Penerapan Metode STEAM dalam Proses Pembelajaran
Peserta didik yang memiliki pengetahuan (kognitif) belum tentu memiliki keterampilan (psikomotorik) yang memadai. Sedangkan peserta didik yang memiliki keterampilan (psikomotorik) yang baik, pasti memiliki pengetahuan (kognitif) yang memadai pula.
Berdasarkan ilustrasi latar belakang tersebut, maka diperlukan metode pembelajaran yang sesuai agar dapat melahirkan para peserta didik yang memiliki keterampilan (psikomotorik) dan pengetahuan (kognitif) yang memadai.
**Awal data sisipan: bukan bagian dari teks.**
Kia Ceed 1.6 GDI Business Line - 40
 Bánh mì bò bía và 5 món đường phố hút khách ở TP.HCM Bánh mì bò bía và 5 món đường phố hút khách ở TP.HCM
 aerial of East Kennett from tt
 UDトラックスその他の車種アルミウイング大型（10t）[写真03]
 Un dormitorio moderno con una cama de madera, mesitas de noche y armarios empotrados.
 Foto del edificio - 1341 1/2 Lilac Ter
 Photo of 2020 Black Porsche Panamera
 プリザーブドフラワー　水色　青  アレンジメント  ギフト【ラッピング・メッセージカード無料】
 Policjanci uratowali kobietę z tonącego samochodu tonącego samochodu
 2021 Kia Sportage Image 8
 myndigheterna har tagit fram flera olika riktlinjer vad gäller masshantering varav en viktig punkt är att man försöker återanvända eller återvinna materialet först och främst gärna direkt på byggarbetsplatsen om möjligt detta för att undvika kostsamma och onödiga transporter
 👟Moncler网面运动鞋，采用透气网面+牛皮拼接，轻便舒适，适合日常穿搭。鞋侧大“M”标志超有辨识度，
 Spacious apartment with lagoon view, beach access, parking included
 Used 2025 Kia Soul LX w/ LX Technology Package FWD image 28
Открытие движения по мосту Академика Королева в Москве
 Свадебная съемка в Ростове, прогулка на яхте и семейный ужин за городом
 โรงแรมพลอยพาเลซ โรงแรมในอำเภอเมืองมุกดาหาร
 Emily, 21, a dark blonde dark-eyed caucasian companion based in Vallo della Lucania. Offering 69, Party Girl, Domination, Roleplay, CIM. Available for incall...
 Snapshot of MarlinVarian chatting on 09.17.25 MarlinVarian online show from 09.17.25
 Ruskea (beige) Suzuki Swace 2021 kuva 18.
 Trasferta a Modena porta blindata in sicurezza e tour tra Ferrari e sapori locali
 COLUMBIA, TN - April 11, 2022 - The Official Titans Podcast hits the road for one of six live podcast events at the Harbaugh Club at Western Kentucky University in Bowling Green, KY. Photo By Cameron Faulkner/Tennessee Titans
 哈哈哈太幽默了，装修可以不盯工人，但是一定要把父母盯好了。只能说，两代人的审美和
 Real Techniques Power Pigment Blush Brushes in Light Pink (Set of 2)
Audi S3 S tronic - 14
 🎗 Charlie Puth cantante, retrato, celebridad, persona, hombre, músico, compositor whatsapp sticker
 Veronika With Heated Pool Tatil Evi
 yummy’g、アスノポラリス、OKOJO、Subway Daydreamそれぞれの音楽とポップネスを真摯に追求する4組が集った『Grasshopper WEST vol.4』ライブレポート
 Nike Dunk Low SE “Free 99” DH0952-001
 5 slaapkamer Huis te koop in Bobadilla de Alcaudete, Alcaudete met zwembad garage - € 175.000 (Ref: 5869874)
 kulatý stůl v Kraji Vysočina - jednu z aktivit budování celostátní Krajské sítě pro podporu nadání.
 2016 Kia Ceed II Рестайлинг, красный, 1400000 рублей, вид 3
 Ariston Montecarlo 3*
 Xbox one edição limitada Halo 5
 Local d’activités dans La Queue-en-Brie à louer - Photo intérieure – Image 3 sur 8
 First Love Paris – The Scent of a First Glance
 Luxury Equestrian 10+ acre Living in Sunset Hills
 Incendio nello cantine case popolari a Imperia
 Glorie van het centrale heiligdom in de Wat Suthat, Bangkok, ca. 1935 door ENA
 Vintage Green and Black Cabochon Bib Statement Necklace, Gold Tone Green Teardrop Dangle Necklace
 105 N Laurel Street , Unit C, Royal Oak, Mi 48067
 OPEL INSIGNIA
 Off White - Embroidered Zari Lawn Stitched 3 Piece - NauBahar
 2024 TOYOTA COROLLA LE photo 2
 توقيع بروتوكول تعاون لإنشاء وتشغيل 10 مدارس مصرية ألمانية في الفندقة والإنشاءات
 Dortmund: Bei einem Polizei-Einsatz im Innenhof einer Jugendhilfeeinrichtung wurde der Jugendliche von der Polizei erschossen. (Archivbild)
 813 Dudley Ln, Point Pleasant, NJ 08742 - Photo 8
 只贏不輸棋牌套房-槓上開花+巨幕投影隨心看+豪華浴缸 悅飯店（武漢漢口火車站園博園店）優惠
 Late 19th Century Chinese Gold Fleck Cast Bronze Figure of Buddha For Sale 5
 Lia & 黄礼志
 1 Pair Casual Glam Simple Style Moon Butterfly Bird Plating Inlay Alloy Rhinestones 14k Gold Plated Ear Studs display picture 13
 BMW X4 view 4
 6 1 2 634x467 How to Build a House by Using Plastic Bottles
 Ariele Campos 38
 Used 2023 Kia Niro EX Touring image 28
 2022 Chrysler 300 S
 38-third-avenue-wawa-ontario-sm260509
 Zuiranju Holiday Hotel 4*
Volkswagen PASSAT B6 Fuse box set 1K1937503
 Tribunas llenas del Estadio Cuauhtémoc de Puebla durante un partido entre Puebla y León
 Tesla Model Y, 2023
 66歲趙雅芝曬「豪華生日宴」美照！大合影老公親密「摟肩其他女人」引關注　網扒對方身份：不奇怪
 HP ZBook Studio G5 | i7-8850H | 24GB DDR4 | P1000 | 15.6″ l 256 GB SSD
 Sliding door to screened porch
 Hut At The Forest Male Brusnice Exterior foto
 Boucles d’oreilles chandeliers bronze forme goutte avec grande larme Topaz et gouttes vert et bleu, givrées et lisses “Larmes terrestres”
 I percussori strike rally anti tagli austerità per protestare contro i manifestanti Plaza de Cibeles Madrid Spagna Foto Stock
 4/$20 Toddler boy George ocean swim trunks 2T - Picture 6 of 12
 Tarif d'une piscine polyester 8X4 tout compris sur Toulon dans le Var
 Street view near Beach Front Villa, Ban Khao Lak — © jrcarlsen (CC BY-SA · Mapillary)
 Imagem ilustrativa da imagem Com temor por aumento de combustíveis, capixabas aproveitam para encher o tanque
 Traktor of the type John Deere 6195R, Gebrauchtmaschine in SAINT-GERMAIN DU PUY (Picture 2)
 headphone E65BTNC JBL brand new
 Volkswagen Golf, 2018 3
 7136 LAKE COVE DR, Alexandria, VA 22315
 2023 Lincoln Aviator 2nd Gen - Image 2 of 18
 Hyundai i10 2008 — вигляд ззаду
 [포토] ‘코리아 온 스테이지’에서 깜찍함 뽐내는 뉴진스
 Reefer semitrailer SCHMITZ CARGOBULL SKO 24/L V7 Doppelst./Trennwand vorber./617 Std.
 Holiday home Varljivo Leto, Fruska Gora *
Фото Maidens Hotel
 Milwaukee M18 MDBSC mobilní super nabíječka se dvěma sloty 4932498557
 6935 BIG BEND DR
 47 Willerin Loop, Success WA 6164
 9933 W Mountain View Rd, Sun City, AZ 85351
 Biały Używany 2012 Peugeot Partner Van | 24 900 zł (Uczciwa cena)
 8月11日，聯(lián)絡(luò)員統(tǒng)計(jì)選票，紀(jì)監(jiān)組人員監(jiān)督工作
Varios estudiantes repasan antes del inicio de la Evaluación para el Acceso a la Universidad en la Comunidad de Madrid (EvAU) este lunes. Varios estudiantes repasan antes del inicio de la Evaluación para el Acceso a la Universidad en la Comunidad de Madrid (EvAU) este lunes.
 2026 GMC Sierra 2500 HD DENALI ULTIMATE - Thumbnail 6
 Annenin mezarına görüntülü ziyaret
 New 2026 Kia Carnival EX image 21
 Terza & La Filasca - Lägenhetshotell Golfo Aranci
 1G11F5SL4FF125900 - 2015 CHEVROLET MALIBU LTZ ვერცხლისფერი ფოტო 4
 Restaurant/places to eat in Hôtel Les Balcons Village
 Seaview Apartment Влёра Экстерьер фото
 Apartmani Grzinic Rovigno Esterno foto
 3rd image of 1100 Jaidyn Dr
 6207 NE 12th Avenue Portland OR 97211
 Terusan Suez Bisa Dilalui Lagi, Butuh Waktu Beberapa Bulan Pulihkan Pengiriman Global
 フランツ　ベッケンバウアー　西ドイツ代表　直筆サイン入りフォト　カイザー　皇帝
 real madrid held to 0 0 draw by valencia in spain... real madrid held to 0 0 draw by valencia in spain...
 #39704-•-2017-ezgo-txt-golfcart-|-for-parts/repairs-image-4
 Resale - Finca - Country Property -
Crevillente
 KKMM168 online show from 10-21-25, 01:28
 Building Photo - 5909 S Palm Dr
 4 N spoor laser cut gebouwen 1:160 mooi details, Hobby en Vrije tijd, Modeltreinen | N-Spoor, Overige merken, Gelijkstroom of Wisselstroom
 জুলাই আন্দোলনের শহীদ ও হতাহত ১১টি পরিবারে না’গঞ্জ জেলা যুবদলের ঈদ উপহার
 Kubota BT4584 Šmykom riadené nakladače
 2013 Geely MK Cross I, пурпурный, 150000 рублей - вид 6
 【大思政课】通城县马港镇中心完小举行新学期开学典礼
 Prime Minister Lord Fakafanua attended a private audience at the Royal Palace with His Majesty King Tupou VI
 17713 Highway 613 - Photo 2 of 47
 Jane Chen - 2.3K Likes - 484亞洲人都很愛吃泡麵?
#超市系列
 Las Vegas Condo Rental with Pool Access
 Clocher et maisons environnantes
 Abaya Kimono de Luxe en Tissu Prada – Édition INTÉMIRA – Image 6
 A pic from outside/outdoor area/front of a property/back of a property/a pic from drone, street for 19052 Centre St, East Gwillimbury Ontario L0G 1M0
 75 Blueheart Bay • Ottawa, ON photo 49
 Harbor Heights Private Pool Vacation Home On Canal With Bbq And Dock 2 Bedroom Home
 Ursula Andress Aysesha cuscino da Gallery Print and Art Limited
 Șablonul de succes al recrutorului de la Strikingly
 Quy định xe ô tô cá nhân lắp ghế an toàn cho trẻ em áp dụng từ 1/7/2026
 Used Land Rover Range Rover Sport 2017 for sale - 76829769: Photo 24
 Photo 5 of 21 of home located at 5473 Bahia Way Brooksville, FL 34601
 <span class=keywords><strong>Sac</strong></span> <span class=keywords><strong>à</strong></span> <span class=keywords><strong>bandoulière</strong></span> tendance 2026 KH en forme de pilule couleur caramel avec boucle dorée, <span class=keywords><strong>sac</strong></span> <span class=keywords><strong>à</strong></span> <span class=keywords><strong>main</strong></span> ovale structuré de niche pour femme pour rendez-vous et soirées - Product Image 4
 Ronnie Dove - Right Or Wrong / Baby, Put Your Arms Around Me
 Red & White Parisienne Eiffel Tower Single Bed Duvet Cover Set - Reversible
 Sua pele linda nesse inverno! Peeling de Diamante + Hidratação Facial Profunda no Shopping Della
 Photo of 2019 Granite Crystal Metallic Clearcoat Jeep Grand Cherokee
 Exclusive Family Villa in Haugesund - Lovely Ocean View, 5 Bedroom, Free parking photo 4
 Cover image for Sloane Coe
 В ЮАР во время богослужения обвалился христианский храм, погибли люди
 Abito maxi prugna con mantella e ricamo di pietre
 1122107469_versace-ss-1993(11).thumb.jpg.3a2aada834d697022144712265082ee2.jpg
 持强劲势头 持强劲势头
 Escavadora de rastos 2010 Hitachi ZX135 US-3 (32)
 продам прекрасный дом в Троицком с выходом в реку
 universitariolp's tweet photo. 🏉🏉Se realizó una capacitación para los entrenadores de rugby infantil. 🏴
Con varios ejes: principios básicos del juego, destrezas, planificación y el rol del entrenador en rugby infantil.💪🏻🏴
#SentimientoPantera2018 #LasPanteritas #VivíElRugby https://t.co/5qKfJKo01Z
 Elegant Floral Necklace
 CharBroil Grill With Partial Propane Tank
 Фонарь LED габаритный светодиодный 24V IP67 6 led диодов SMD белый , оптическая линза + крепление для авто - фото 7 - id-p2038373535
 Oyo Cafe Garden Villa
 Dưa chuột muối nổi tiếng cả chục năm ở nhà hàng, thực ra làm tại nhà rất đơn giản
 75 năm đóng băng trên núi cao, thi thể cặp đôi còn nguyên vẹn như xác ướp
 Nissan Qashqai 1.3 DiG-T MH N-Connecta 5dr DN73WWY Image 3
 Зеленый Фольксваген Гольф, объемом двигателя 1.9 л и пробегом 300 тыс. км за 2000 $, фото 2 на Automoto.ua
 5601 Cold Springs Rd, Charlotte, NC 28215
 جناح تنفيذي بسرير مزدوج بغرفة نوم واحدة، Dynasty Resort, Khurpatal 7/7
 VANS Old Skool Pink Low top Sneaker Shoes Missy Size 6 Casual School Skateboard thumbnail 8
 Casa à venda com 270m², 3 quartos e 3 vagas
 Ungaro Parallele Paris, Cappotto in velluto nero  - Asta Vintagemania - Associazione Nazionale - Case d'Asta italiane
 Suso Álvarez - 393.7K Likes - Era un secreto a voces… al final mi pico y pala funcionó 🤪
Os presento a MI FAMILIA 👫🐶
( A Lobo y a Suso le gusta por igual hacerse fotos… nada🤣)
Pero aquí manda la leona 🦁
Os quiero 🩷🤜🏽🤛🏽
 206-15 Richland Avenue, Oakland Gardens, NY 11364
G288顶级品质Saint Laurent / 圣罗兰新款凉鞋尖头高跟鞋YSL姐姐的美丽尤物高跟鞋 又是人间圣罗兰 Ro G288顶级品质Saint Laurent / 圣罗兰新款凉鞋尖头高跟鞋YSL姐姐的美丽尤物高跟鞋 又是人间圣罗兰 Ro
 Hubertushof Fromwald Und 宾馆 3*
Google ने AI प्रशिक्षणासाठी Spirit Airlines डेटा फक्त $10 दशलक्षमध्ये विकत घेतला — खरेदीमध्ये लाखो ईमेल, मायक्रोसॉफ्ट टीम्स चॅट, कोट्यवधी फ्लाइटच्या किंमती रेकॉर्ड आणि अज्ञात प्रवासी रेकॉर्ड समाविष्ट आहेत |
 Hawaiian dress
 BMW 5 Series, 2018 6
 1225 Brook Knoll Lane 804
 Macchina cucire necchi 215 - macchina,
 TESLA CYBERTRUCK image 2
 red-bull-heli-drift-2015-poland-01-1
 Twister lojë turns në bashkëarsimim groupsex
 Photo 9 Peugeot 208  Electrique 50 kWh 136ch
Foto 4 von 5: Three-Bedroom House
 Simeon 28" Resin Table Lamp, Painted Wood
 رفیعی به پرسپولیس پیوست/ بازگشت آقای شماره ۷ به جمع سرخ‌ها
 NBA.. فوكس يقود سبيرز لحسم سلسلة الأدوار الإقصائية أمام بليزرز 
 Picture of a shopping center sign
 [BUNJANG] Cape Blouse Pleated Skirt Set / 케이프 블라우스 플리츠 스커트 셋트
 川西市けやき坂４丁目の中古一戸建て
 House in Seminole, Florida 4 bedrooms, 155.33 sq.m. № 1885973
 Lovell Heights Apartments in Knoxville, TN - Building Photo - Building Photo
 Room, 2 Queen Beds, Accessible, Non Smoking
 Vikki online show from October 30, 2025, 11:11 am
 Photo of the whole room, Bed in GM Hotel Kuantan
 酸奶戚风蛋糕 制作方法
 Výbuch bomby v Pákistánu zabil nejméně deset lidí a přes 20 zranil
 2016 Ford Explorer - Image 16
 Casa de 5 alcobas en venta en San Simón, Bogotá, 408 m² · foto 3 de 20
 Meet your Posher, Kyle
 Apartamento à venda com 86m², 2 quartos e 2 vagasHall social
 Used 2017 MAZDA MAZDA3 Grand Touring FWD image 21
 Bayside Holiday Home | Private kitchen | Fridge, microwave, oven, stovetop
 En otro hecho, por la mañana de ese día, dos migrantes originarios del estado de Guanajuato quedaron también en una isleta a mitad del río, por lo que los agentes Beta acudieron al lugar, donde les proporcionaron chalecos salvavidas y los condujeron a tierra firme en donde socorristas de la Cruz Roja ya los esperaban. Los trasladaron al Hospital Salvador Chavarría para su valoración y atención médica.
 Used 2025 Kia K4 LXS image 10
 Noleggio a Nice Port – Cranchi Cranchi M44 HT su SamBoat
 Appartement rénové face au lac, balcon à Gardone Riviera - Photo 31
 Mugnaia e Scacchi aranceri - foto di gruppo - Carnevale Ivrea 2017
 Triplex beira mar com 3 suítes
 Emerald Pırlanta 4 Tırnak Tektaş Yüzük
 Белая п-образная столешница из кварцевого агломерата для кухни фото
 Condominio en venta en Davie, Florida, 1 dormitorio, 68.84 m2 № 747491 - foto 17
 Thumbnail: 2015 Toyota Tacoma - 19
Salah satu metode tersebut adalah metode pembelajaran berbasis STEAM.
Secara bahasa, metode pembelajaran STEAM adalah singkatan dari Science (Sains), Technology (Teknologi), Enginering (Teknik), Arts (Seni) dan Mathematics (Matematika).
Sedangkan secara istilah, penulis dapat menyimpulkan bahwa metode pembelajaran STEAM merupakan metode pembelajaran yang tidak hanya mengandalkan kemampuan atau kompetensi pengetahuan (kognitif) atau teori saja akan tetapi juga bagaimana agar para peserta didik dapat menerapkan dan memiliki keterampilan (psikomotorik) untuk memcahkan masalah sesuai dengan dunia nyata peserta didik dengan pendidik sebagai fasilitatornya.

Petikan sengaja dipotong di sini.